Input data section start

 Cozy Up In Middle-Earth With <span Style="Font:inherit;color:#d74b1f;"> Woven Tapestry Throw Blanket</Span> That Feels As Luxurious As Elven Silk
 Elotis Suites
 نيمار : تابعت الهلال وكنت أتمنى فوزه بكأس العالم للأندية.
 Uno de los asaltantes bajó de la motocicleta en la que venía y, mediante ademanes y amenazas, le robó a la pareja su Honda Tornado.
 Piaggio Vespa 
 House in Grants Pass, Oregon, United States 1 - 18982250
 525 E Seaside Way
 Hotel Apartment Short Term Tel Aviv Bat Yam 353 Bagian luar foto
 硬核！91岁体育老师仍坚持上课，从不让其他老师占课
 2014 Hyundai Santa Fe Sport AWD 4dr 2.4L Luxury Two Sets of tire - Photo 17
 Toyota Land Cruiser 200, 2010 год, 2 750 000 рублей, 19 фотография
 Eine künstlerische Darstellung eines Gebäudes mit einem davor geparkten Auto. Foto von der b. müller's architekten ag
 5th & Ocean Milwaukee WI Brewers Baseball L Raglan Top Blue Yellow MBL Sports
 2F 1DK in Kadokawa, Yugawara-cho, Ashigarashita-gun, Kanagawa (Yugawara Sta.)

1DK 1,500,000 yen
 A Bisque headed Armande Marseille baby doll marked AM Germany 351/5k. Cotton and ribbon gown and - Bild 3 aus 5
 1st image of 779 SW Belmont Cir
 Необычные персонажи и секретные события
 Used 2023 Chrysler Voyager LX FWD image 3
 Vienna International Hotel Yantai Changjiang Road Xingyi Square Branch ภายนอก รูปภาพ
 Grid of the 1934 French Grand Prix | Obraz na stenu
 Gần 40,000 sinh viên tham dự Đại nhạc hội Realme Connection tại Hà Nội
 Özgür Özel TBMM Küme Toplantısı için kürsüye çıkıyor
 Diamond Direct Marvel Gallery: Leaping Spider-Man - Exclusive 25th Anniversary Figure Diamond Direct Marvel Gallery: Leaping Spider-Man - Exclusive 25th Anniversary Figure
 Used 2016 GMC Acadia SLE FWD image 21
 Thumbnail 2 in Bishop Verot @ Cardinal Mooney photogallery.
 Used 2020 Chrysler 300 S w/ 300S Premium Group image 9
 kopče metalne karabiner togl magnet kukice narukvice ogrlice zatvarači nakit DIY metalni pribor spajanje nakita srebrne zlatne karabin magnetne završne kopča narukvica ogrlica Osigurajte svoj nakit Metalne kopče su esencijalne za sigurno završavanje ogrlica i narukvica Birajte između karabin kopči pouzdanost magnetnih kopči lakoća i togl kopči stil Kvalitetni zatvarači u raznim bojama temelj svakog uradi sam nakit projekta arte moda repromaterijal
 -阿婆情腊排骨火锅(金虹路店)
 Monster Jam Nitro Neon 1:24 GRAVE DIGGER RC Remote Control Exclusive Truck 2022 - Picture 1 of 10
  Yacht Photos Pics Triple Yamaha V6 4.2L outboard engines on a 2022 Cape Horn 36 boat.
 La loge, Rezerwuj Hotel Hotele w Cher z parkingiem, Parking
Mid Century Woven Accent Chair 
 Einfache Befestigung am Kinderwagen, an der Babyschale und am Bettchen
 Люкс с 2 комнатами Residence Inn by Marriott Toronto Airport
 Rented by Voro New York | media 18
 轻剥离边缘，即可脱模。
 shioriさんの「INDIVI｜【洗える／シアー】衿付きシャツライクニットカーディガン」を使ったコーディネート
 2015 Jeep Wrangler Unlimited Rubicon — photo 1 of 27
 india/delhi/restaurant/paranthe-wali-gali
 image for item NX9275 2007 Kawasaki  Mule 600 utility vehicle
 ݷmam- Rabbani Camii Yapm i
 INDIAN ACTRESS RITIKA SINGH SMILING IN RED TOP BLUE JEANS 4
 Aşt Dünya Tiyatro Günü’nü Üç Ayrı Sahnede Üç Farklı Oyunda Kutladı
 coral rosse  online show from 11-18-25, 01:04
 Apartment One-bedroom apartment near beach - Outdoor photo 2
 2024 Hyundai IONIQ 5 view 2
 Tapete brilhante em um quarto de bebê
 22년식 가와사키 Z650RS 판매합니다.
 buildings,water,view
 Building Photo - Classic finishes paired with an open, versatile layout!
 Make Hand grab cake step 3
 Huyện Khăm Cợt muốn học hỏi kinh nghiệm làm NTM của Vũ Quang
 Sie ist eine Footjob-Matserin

Input data section end

(Problem statement)
The full listing, retyped exactly, is the expected answer.

(Written solution)
 Cozy Up In Middle-Earth With <span Style="Font:inherit;color:#d74b1f;"> Woven Tapestry Throw Blanket</Span> That Feels As Luxurious As Elven Silk
 Elotis Suites
 نيمار : تابعت الهلال وكنت أتمنى فوزه بكأس العالم للأندية.
 Uno de los asaltantes bajó de la motocicleta en la que venía y, mediante ademanes y amenazas, le robó a la pareja su Honda Tornado.
 Piaggio Vespa 
 House in Grants Pass, Oregon, United States 1 - 18982250
 525 E Seaside Way
 Hotel Apartment Short Term Tel Aviv Bat Yam 353 Bagian luar foto
 硬核！91岁体育老师仍坚持上课，从不让其他老师占课
 2014 Hyundai Santa Fe Sport AWD 4dr 2.4L Luxury Two Sets of tire - Photo 17
 Toyota Land Cruiser 200, 2010 год, 2 750 000 рублей, 19 фотография
 Eine künstlerische Darstellung eines Gebäudes mit einem davor geparkten Auto. Foto von der b. müller's architekten ag
 5th & Ocean Milwaukee WI Brewers Baseball L Raglan Top Blue Yellow MBL Sports
 2F 1DK in Kadokawa, Yugawara-cho, Ashigarashita-gun, Kanagawa (Yugawara Sta.)

1DK 1,500,000 yen
 A Bisque headed Armande Marseille baby doll marked AM Germany 351/5k. Cotton and ribbon gown and - Bild 3 aus 5
 1st image of 779 SW Belmont Cir
 Необычные персонажи и секретные события
 Used 2023 Chrysler Voyager LX FWD image 3
 Vienna International Hotel Yantai Changjiang Road Xingyi Square Branch ภายนอก รูปภาพ
 Grid of the 1934 French Grand Prix | Obraz na stenu
 Gần 40,000 sinh viên tham dự Đại nhạc hội Realme Connection tại Hà Nội
 Özgür Özel TBMM Küme Toplantısı için kürsüye çıkıyor
 Diamond Direct Marvel Gallery: Leaping Spider-Man - Exclusive 25th Anniversary Figure Diamond Direct Marvel Gallery: Leaping Spider-Man - Exclusive 25th Anniversary Figure
 Used 2016 GMC Acadia SLE FWD image 21
 Thumbnail 2 in Bishop Verot @ Cardinal Mooney photogallery.
 Used 2020 Chrysler 300 S w/ 300S Premium Group image 9
 kopče metalne karabiner togl magnet kukice narukvice ogrlice zatvarači nakit DIY metalni pribor spajanje nakita srebrne zlatne karabin magnetne završne kopča narukvica ogrlica Osigurajte svoj nakit Metalne kopče su esencijalne za sigurno završavanje ogrlica i narukvica Birajte između karabin kopči pouzdanost magnetnih kopči lakoća i togl kopči stil Kvalitetni zatvarači u raznim bojama temelj svakog uradi sam nakit projekta arte moda repromaterijal
 -阿婆情腊排骨火锅(金虹路店)
 Monster Jam Nitro Neon 1:24 GRAVE DIGGER RC Remote Control Exclusive Truck 2022 - Picture 1 of 10
  Yacht Photos Pics Triple Yamaha V6 4.2L outboard engines on a 2022 Cape Horn 36 boat.
 La loge, Rezerwuj Hotel Hotele w Cher z parkingiem, Parking
Mid Century Woven Accent Chair 
 Einfache Befestigung am Kinderwagen, an der Babyschale und am Bettchen
 Люкс с 2 комнатами Residence Inn by Marriott Toronto Airport
 Rented by Voro New York | media 18
 轻剥离边缘，即可脱模。
 shioriさんの「INDIVI｜【洗える／シアー】衿付きシャツライクニットカーディガン」を使ったコーディネート
 2015 Jeep Wrangler Unlimited Rubicon — photo 1 of 27
 india/delhi/restaurant/paranthe-wali-gali
 image for item NX9275 2007 Kawasaki  Mule 600 utility vehicle
 ݷmam- Rabbani Camii Yapm i
 INDIAN ACTRESS RITIKA SINGH SMILING IN RED TOP BLUE JEANS 4
 Aşt Dünya Tiyatro Günü’nü Üç Ayrı Sahnede Üç Farklı Oyunda Kutladı
 coral rosse  online show from 11-18-25, 01:04
 Apartment One-bedroom apartment near beach - Outdoor photo 2
 2024 Hyundai IONIQ 5 view 2
 Tapete brilhante em um quarto de bebê
 22년식 가와사키 Z650RS 판매합니다.
 buildings,water,view
 Building Photo - Classic finishes paired with an open, versatile layout!
 Make Hand grab cake step 3
 Huyện Khăm Cợt muốn học hỏi kinh nghiệm làm NTM của Vũ Quang
 Sie ist eine Footjob-Matserin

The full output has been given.